- _Task_: Return the data verbatim, without pictures.

- _Excerpted data_:
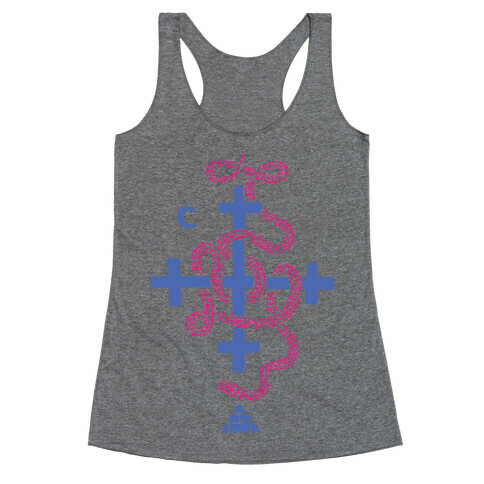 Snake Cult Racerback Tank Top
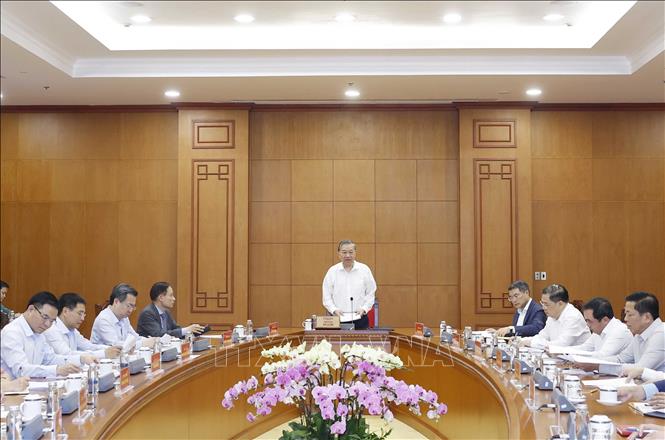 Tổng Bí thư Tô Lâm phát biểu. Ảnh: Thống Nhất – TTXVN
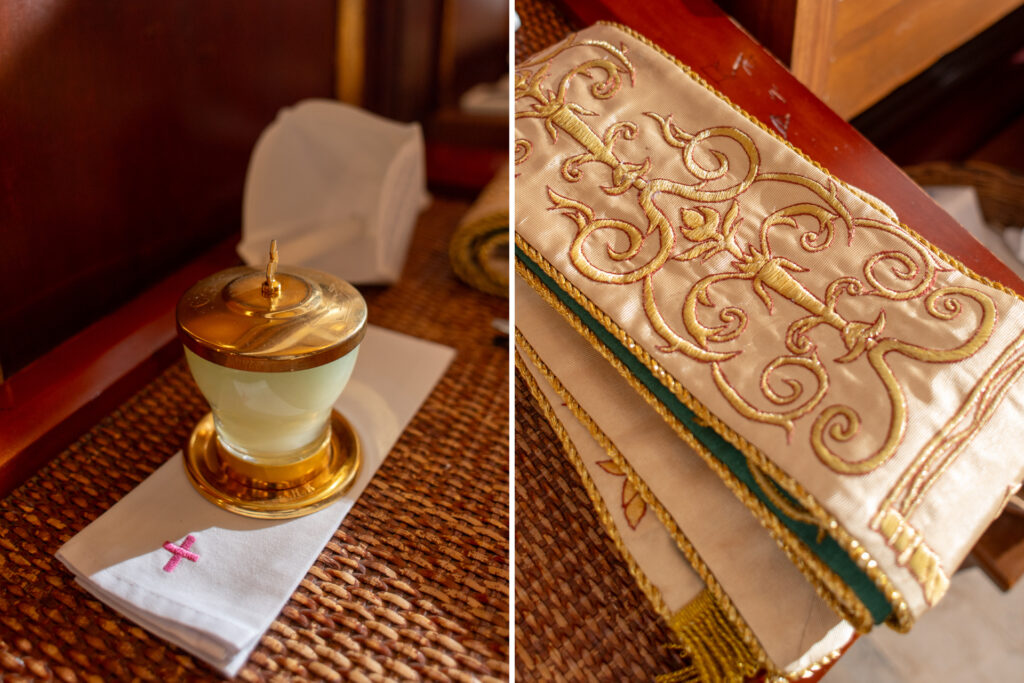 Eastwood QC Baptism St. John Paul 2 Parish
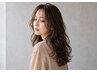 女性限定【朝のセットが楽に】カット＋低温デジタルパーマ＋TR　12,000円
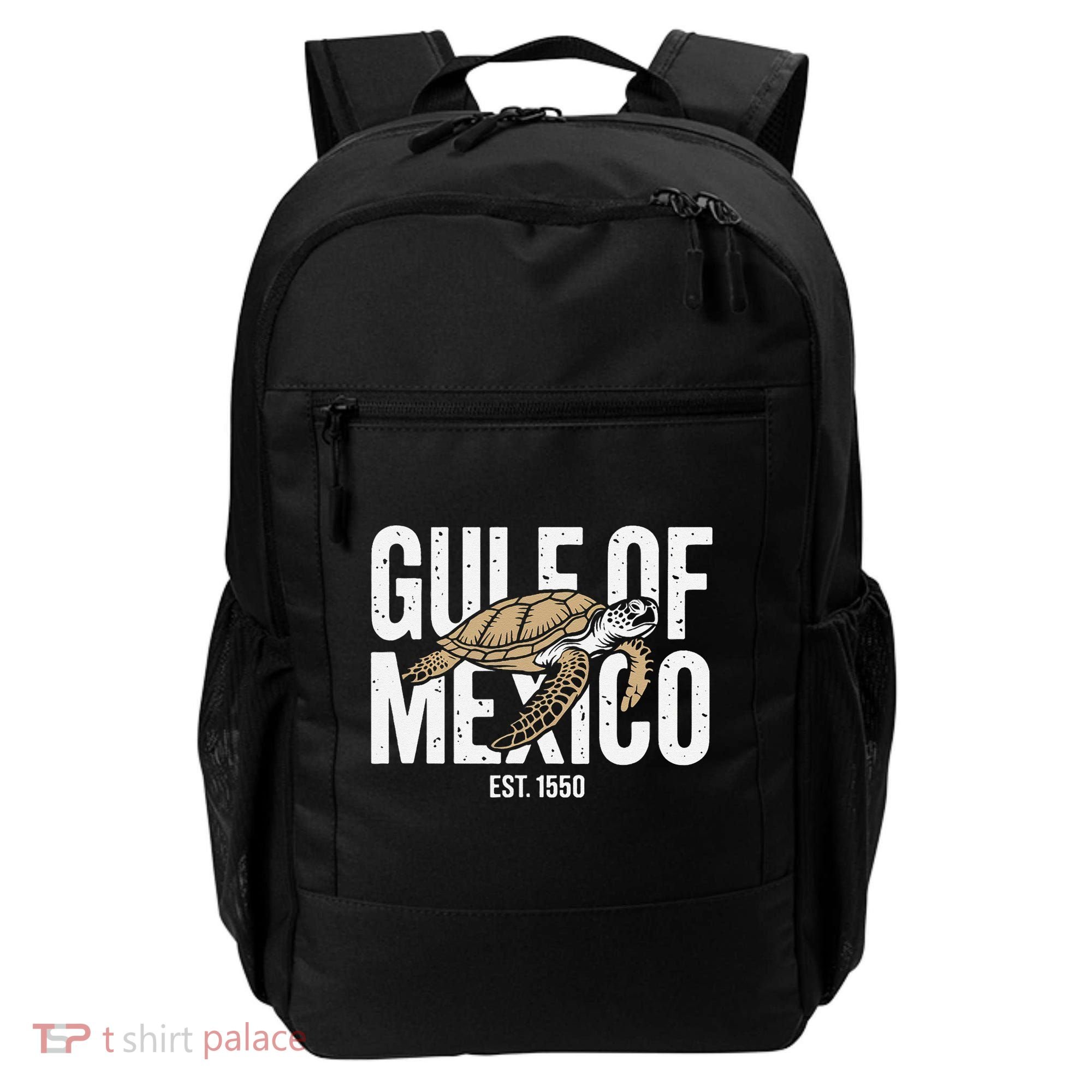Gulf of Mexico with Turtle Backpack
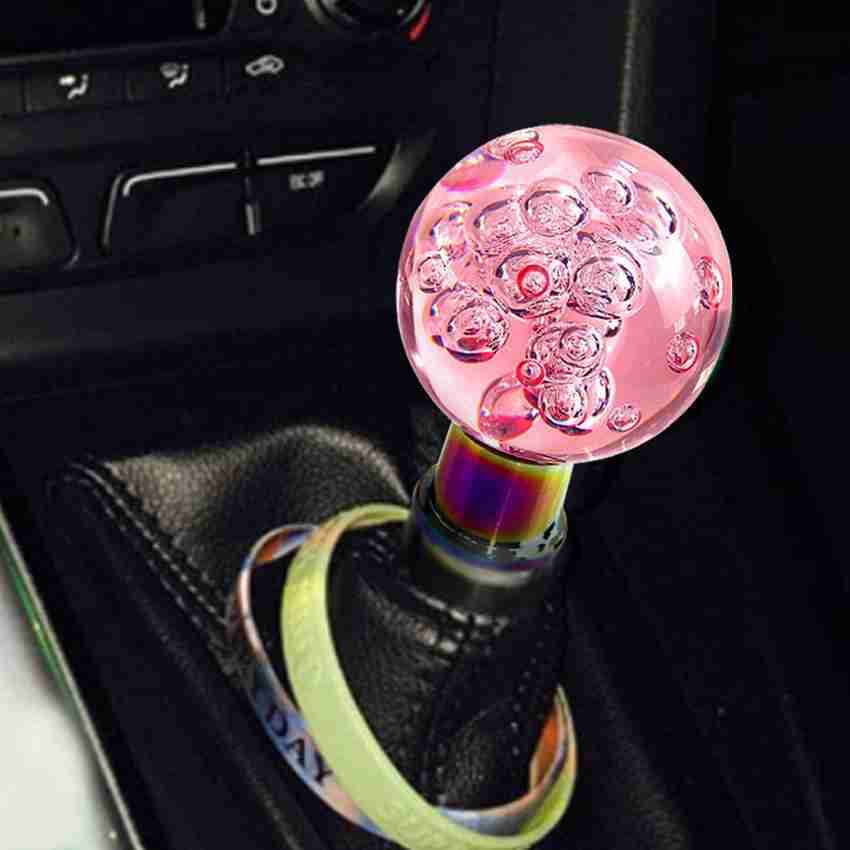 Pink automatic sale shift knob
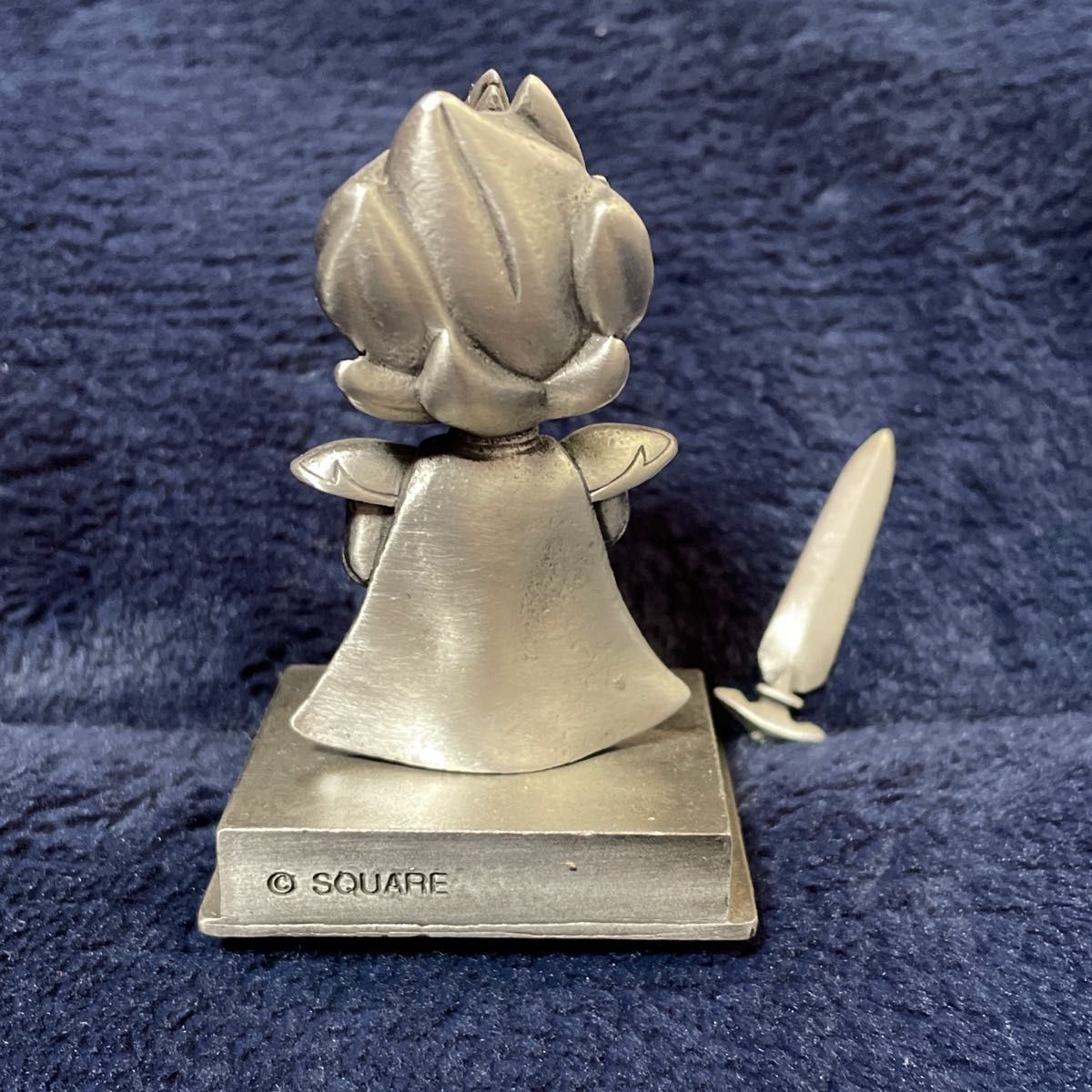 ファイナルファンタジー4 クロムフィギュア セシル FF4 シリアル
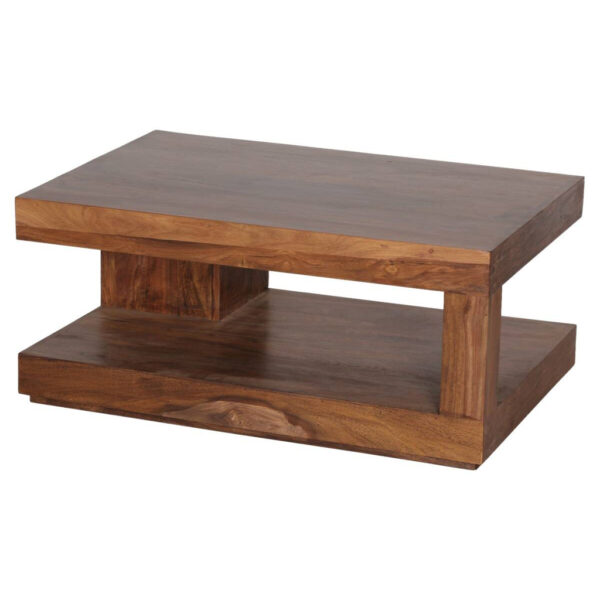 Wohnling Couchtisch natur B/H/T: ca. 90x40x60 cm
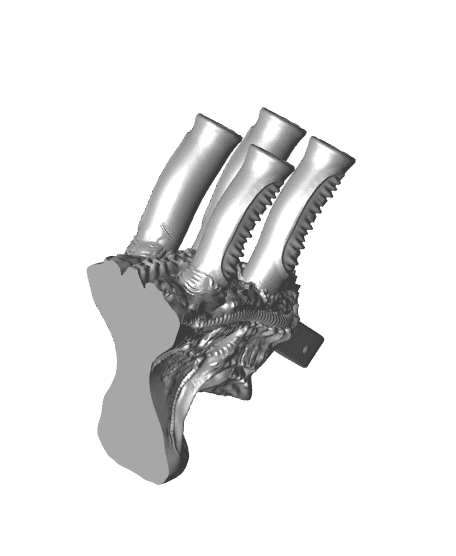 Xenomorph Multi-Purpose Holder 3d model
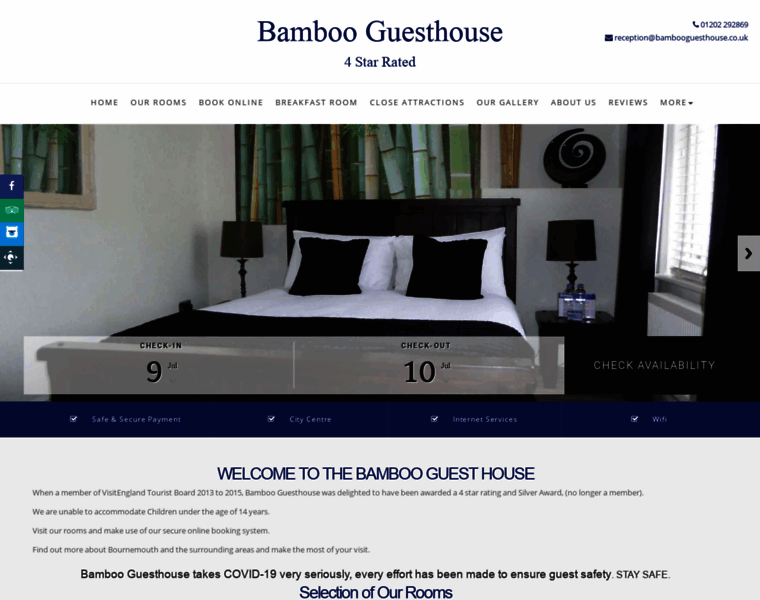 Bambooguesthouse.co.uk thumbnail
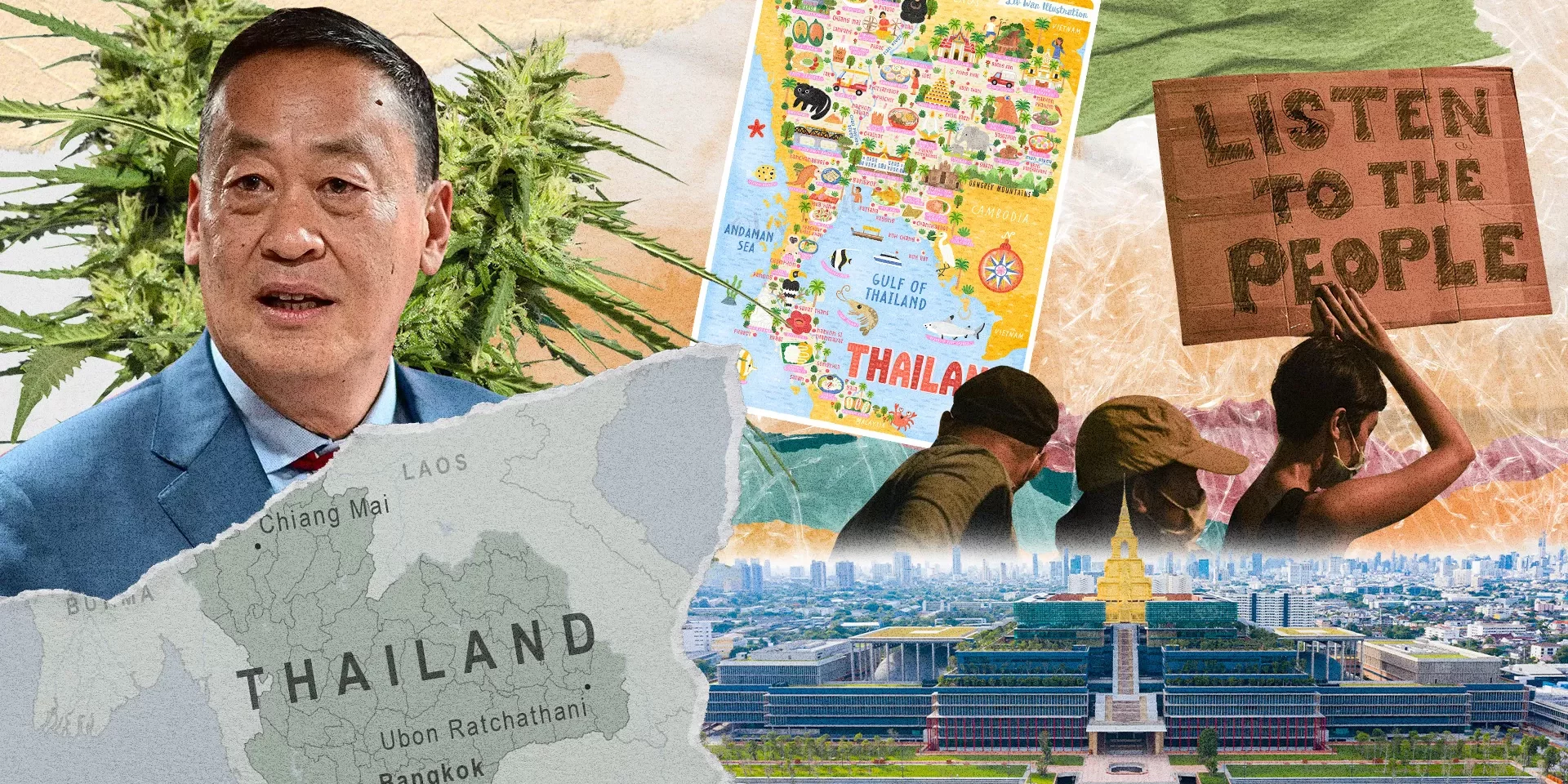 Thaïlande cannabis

- _Solution to this exercise_:
 Snake Cult Racerback Tank Top
 Tổng Bí thư Tô Lâm phát biểu. Ảnh: Thống Nhất – TTXVN
 Eastwood QC Baptism St. John Paul 2 Parish
 女性限定【朝のセットが楽に】カット＋低温デジタルパーマ＋TR　12,000円
Gulf of Mexico with Turtle Backpack
 Pink automatic sale shift knob
 ファイナルファンタジー4 クロムフィギュア セシル FF4 シリアル
 Wohnling Couchtisch natur B/H/T: ca. 90x40x60 cm
 Xenomorph Multi-Purpose Holder 3d model
 Bambooguesthouse.co.uk thumbnail
 Thaïlande cannabis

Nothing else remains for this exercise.